**Exercise aim**. Although the entries contain pictures, write out only their text, exactly as it stands.

**Short web captions**.
◆ ◆ ◆
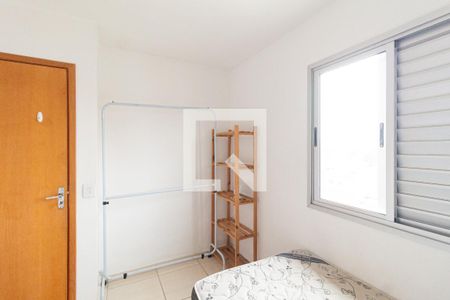 Quarto 1 de apartamento para alugar com 2 quartos, 55m² em Parque Jose Alex Andre, Carapicuíba
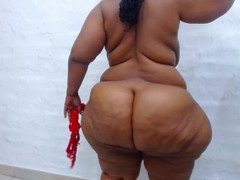 Big black clapping booties: Wichs zu meinem massiven bBW-arsch eingeölt und wackelt komplett nackt -...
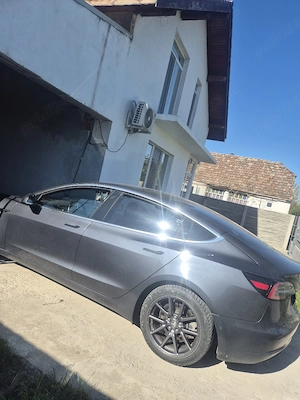 tesla model 3 Long range - imagine 2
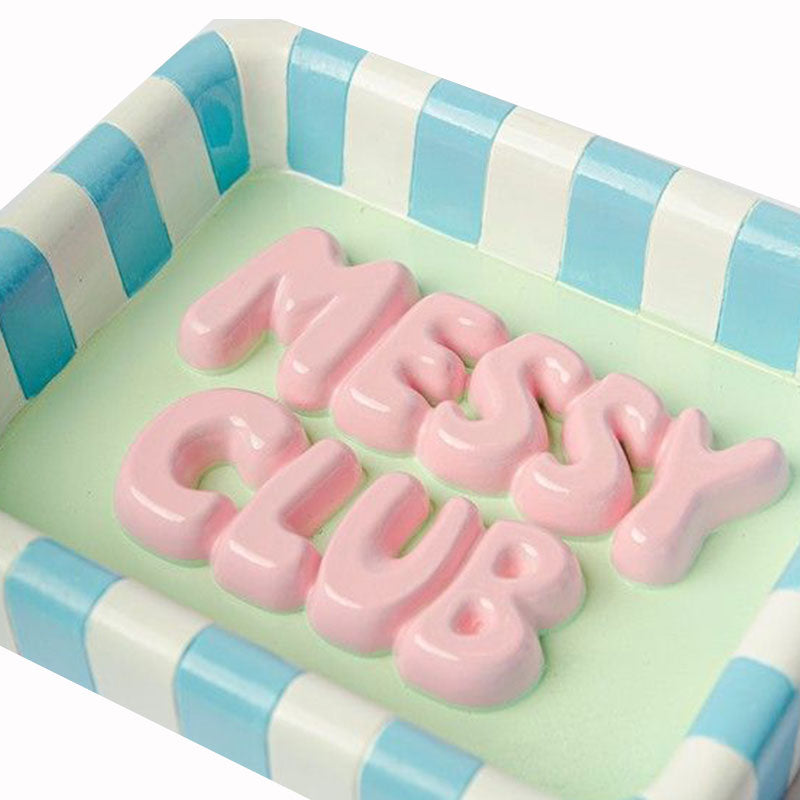 Schaaltje Messy Club - Blogo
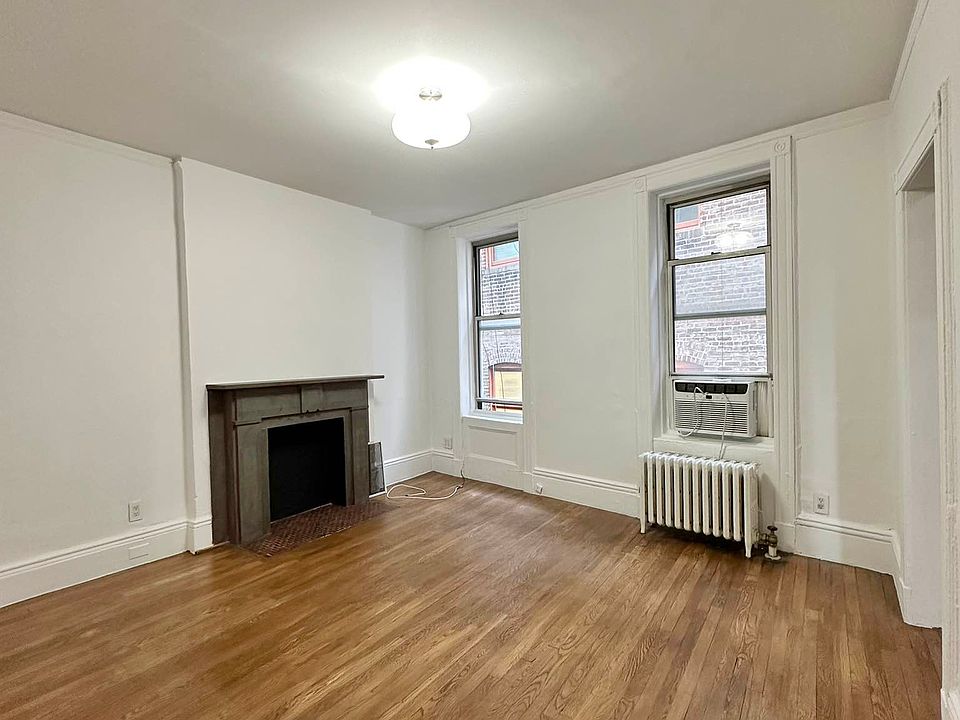 1st image of 19 Greenwich Ave APT 3C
◆ ◆ ◆
**Reply to the task**.
 Quarto 1 de apartamento para alugar com 2 quartos, 55m² em Parque Jose Alex Andre, Carapicuíba
 Big black clapping booties: Wichs zu meinem massiven bBW-arsch eingeölt und wackelt komplett nackt -...
 tesla model 3 Long range - imagine 2
 Schaaltje Messy Club - Blogo
 1st image of 19 Greenwich Ave APT 3C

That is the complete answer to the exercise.